Where AI Quietly Goes Wrong in Small Companies

A CEO on this week's AI roundtable described something worth unpacking. On a six-hour flight, he'd built a "chief people officer" simulation in Microsoft Copilot — chatting with it about his team, his org design, the challenges his people were facing. When the chat ran out of space (i.e., the context window was too full), he printed it to PDF and re-uploaded the document to keep the memory alive.

Then he said the part that mattered: "The AI getting it wrong was almost the most useful thing."

The model didn't know his company. It got things wrong constantly. And every time it did, he had to pause and articulate, in writing, exactly why it was wrong. That process of correction, repeated dozens of times, was the real value. The fact that he was forced to put his own thinking into words gave him a new perspective on his organization.

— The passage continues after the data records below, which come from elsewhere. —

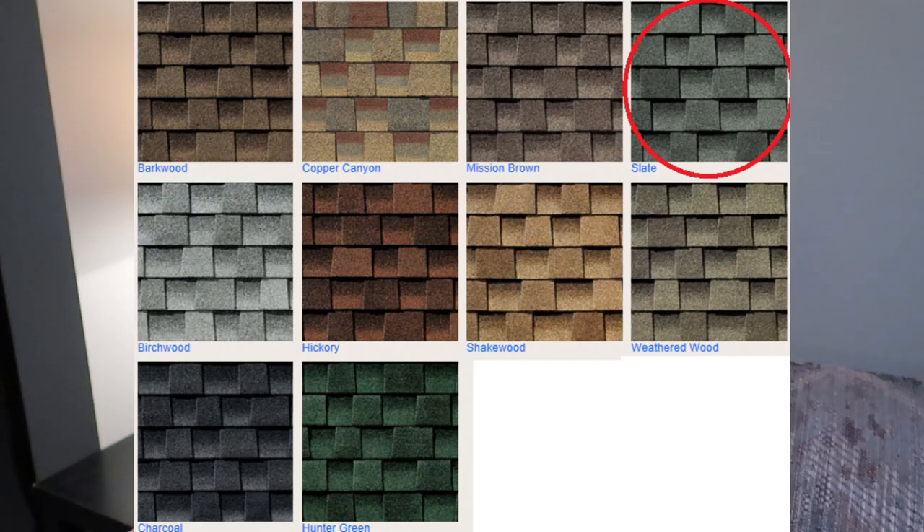We decided on the Home Depot brand Timberline shingles. We haven't picked out a color yet — I'm not sure if we're going to go with a gray-black or a browny-black. We'll decide that once we have some more decisions in stone, but we don't have to decide until we actually go to pick them up.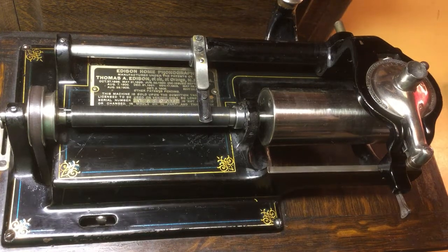Oklahoma Bridges here, and today we're going to take a look at 2 and 4 minute gearing on Edison Home and Edison Triumph phonographs. I want to start this discussion by discussing the Edison Home Model D phonograph and the 2 and 4 minute gearing on these machines.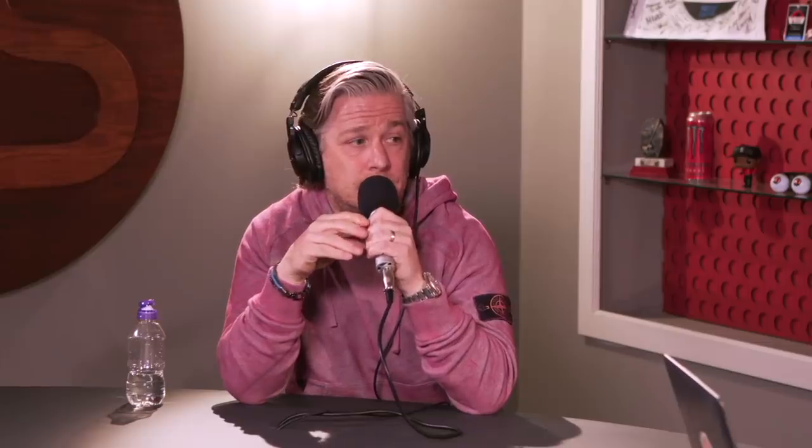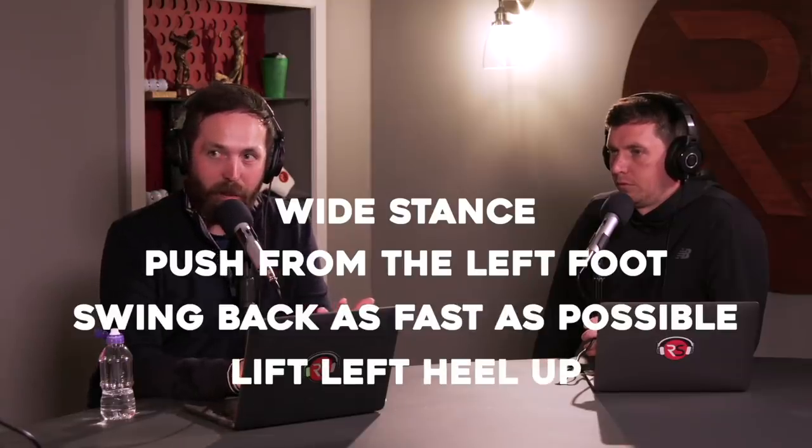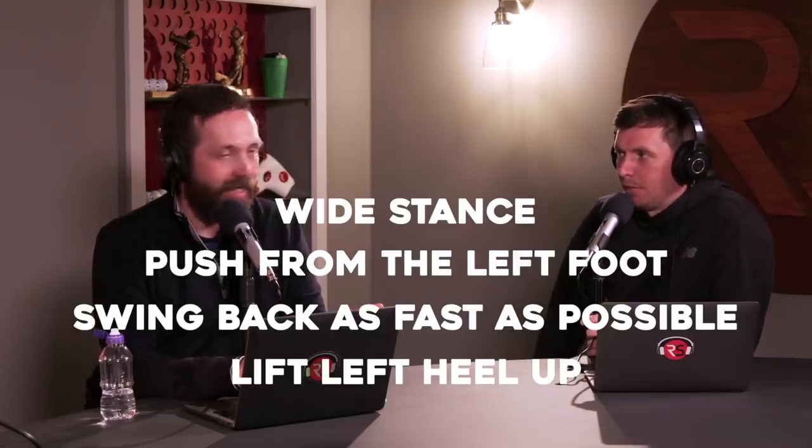So those four bits in the backswing are absolutely massive for power: wider stance, push from your left foot before pulling the club back, swing back as fast as you can, and lift the left heel up at the top of the backswing to help get more rotation. That last one looks a bit old school but it helps with rotation coupled with vertical force. Wherever you put the force, you move in the opposite direction — so if you want to open up more, push into the front of the left foot more.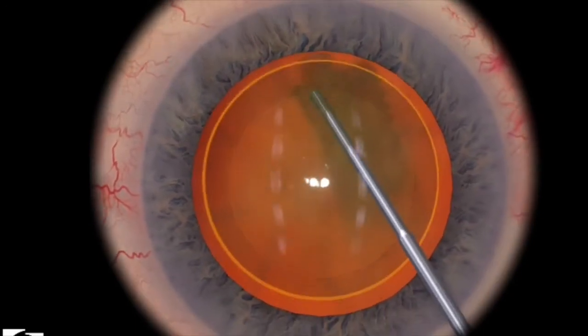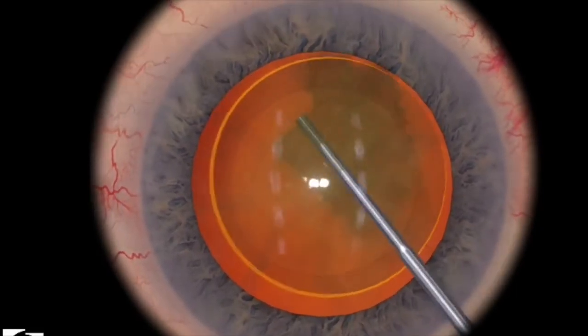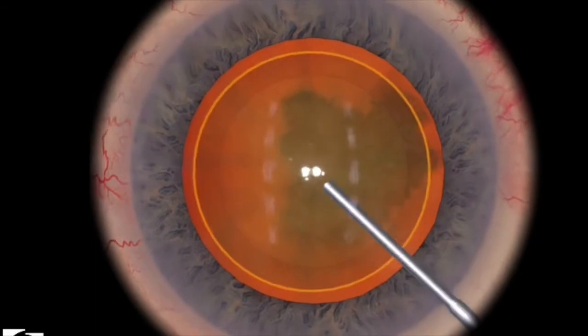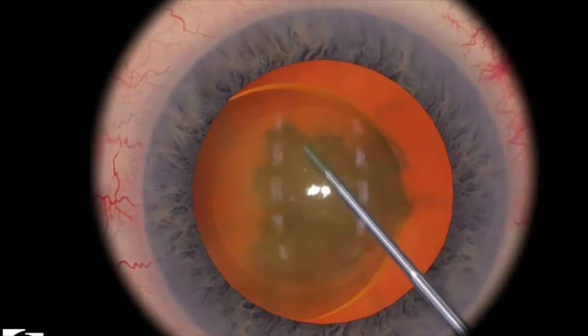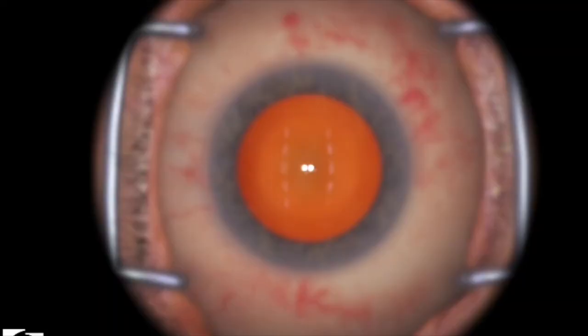Next I'm going to hydro delineate, and you have to hydro delineate enough, otherwise the machine won't give you enough points. Notice how I'm moving it around — the machine actually wants you to move it around to test and see if you've been able to delineate and dissect appropriately. When I'm moving around, you can tell that there's a little bit of space, like a gap, in between the golden ring and the nucleus. So I scored 95 and 100 respectively.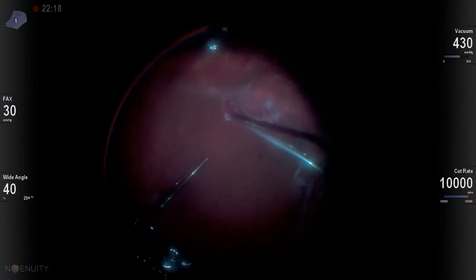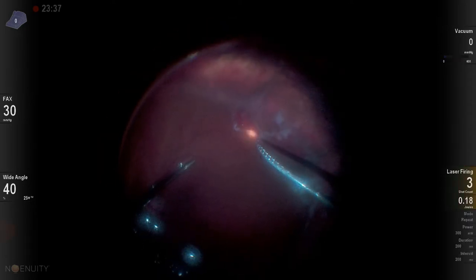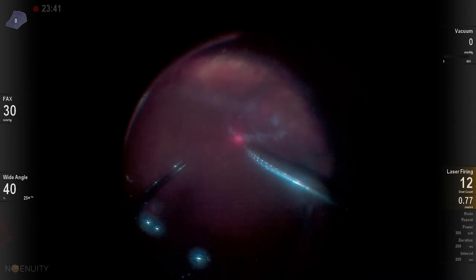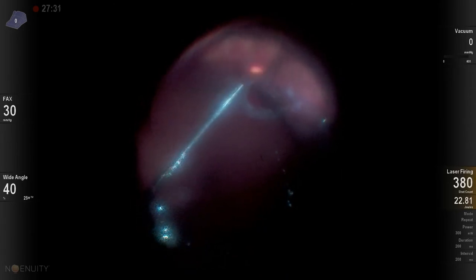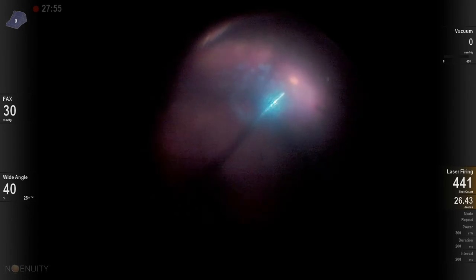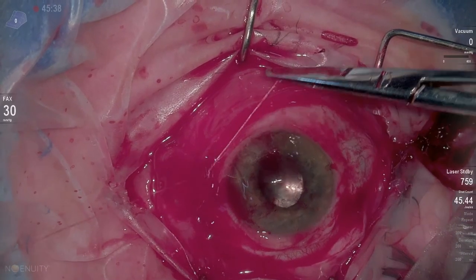I go back and re-drain more fluid through the break, this time with a soft tip, getting it flat so I can laser around the tear and on the buckle anteriorly. I do 360 degrees of laser in this case for fear of small breaks that might be missed. Then I close with 6-0 plain sutures anchoring the conjunctiva to the sclera. Thanks for watching.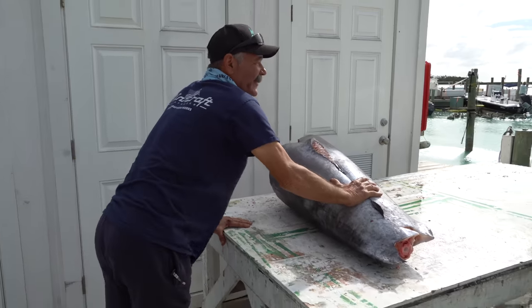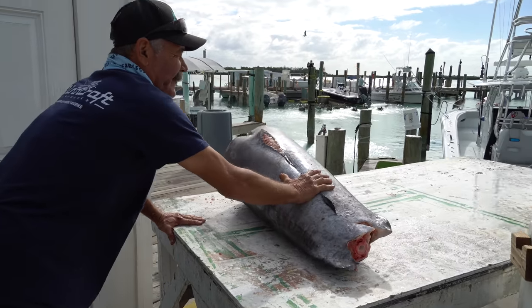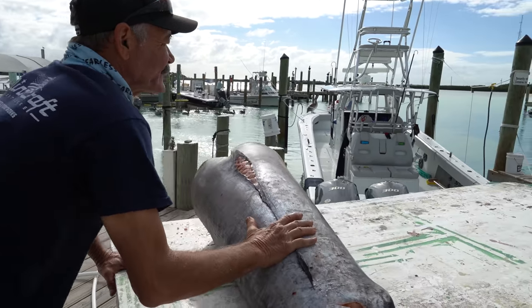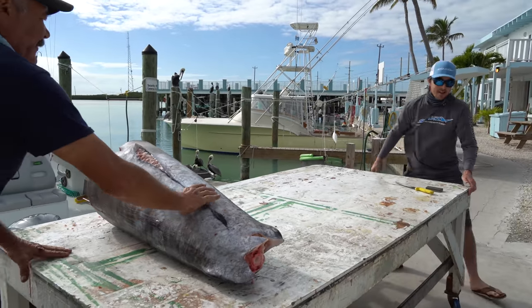Hi everybody, we're wrestling a swordfish right now. I don't want it to roll in the water after all this fight — that'd be terrible. The manatee will be rolling it up.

That same week, another attendee hunted an integer overflow bug. He asked AI to find it. As sometimes happens, the model was confident, fast, and completely wrong about the cause.

These two stories share a lesson: AI is most useful when you stay engaged with it — correcting it, checking it, arguing with it. The magic happens in the back-and-forth.

What follows is shared under the Chatham House Rule.

The AI getting it wrong was almost the most useful thing.

This essay is one week's notes from the Executive AI Roundtable — a closed-door peer conversation for CEOs and founders, held weekly under the Chatham House Rule.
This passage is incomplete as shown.